Да, за 20 апреля в "Правде" – о снижении цен на солёного ивася до 40 %. И я маленько погордился про себя: ведь ту большую статью об ивасях, что цензура не пустила в ЛГ, я послал в ЦК Горбачёву, и было это в начале марта.

На п/базах ВБТРФ в нерестовый период (а он нынче у минтая растянулся с начала января по конец марта) был Клондайк: за место у конвейера на выборке икры дрались, зарабатывая по 1000 р. в м-ц, рыба шла от балычковых машинок, разделанная, икра вываливалась сама – только собирай в ванночку пластмассовую (её называют парамушкой), расценки – 54 коп. за 10 кг (это и есть парамушка). На "Аваче" же расценки были – 2 р. за 10 кг, и одна уборщица за м-ц заработала 3600 р., став рекордсменкой на флоте. Набежало на базу флагманов, все – к конвейеру, сгребали в парамушки не икру – рубли.

13.05.84, воск. 9 мая на СРТМ 8–420 (развалюха, около 20 лет судну, старше погибшего 8–428, дыры в бортовых переборках кают – "на улицу") перебежал снова в Притауйский район.

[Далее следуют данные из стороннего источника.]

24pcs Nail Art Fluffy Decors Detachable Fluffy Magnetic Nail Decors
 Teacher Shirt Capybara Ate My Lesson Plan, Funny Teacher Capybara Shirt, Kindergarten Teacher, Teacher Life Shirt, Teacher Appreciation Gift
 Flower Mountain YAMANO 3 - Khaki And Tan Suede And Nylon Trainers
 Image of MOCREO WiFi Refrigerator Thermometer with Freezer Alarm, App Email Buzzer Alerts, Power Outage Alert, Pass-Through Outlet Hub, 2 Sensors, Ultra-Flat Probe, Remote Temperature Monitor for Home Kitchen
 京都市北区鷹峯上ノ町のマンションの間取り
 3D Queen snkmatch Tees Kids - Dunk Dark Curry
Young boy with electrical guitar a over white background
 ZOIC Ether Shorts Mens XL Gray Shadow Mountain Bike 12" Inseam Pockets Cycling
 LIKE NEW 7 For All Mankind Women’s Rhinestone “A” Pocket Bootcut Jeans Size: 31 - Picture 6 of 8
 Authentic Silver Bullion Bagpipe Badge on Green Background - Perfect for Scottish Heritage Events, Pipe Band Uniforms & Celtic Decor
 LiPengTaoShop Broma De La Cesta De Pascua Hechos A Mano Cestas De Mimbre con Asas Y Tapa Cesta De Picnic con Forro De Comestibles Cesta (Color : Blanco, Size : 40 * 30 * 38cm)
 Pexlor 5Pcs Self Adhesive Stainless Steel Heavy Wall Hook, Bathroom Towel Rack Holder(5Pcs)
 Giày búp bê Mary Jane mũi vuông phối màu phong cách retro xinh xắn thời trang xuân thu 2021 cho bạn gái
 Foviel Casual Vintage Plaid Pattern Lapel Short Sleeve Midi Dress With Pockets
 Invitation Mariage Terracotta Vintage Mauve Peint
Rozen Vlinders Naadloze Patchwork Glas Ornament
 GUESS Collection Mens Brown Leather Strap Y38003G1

На борту хабаровского БМРТ "Ургал" дед-стармех рассказал мне страшную историю: в прошлом рейсе погиб у него моторист, парнишка 20 лет, погиб… от стыда. 2-й механик, хозяин машины, "серьёзный был мужчина", по выражению деда, т. е. зверь, видимо, если взглянуть глазами мальчишки-моториста, стоявшего вахту с 20 до ноля. Перед сдачей вахты 2-му моторист поднялся на верхние решётки, чтоб сделать приборку, глядь – а рядом почему-то открыта запертая обычно дверь машинной кладовки. Он заглянул туда, а дверь захлопнулась за ним. Ручки в двери изнутри не оказалось. Парень открыл иллюминатор и "на счастье" увидел рядом трос-бурундук. Мороз был 25º, трос капроновый обледенел-окаменел, но чувство стыда и страха перед 2-м оказались сильнее. Парень в рубашке вылез и сорвался в воду. В воде болталась прядь от бурундука, он намотал её на руку и – замёрз. Около суток искали, а потом обнаружили под небольшой льдинкой с капроновой прядью вокруг кисти.

В ночь снятия из ОМЭ ревизор, лет 30-ти, "продавал" ночью меня по РТ, радиотелефону (я попросил его поймать РС, чтоб отвёз меня на "Чуев", миль 60–70): – Суда, внимание! Кому нужна сдача?..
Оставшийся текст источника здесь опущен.